▸ **Work request**
Set the pictures aside and write down, exactly as they appear, the lines from the one containing "Top Secret Science" through the end of the material.

▸ **Provided data**
########
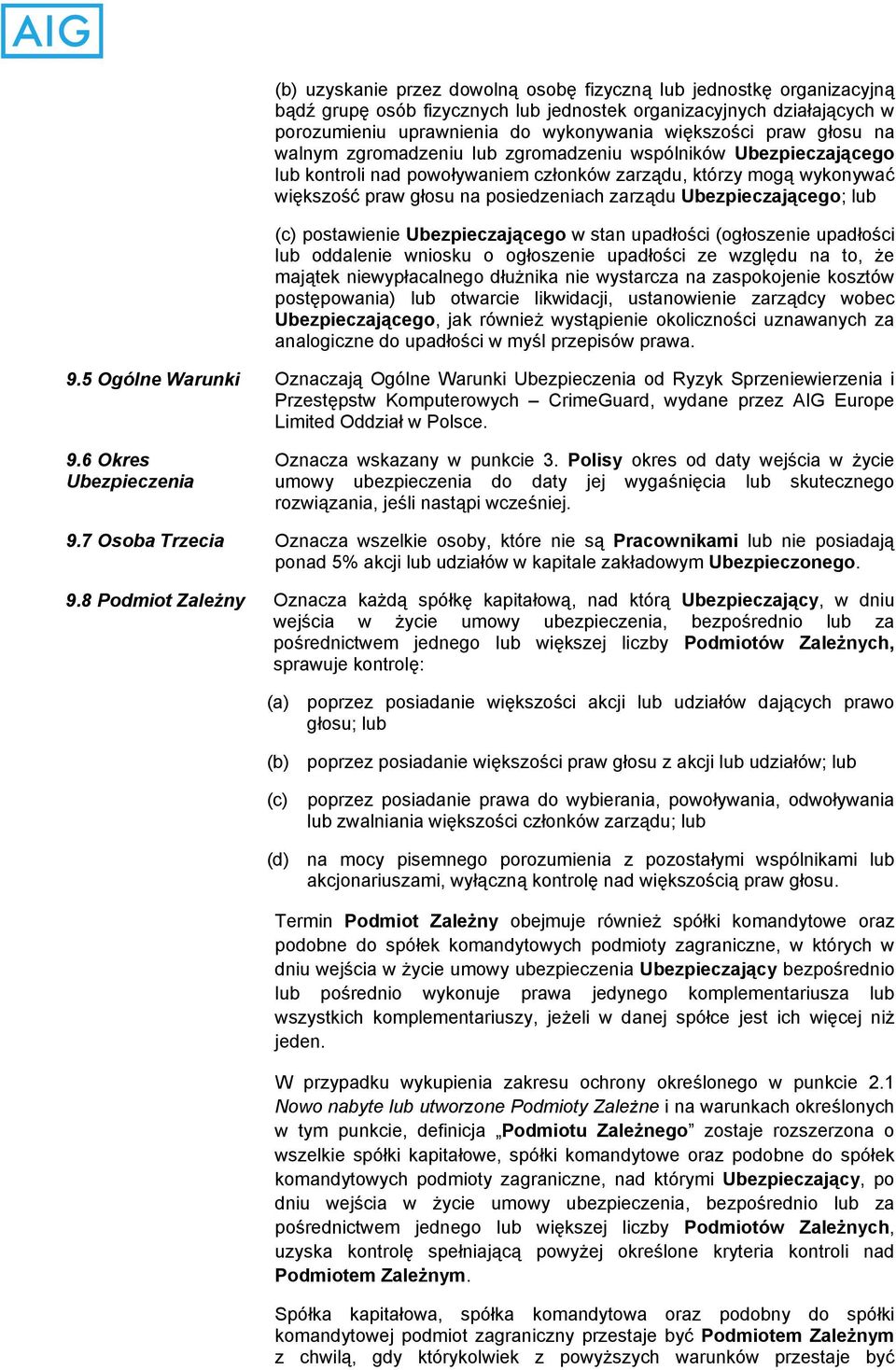 Ubezpieczającego; lub (c) postawienie Ubezpieczającego w stan upadłości (ogłoszenie upadłości lub oddalenie wniosku o ogłoszenie upadłości ze względu na to, że majątek niewypłacalnego dłużnika nie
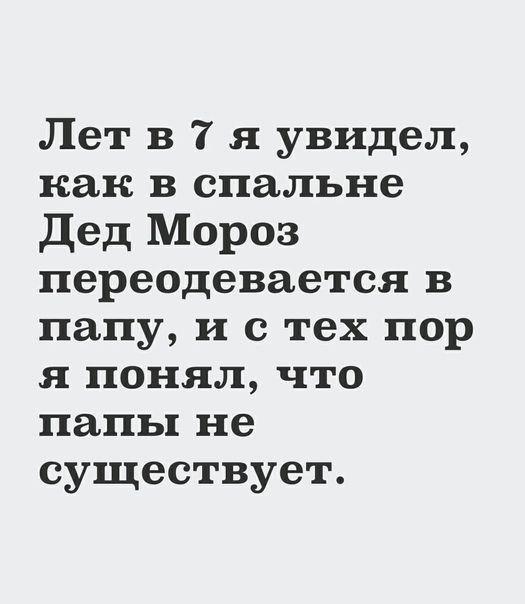 Лет в 7 я увидел как в спальне Дед Мороз переодевается в папу и с тех пор я понял что папы не существует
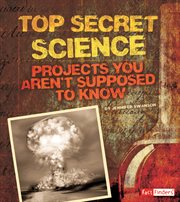 Top Secret Science : Projects You Aren't Supposed to Know About cover image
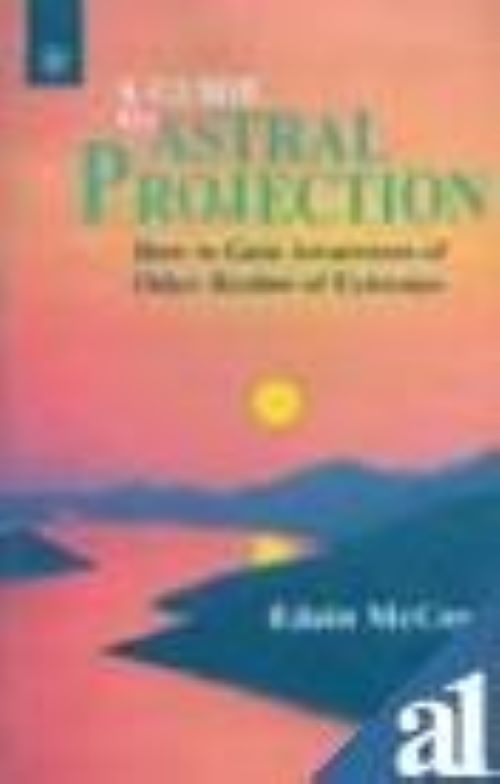 GUIDE TO ASTRAL PROJECTION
########
▸ **Finished task**
 Top Secret Science : Projects You Aren't Supposed to Know About cover image
 GUIDE TO ASTRAL PROJECTION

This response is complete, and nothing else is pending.